**Assignment:**
The lines below that include the word "Color" are to be reported.

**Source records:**
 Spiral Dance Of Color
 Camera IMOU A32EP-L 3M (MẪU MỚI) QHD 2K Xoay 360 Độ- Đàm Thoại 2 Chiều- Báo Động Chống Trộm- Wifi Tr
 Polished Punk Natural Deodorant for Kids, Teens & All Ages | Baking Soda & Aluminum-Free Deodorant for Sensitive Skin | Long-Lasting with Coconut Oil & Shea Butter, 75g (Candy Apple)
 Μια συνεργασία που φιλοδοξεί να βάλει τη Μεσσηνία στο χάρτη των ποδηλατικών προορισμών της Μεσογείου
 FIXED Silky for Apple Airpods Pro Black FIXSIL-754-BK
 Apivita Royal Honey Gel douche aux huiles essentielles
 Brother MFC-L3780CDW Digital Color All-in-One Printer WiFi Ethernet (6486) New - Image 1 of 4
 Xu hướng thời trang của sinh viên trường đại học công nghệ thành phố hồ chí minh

**Task result:**
 Spiral Dance Of Color
 Brother MFC-L3780CDW Digital Color All-in-One Printer WiFi Ethernet (6486) New - Image 1 of 4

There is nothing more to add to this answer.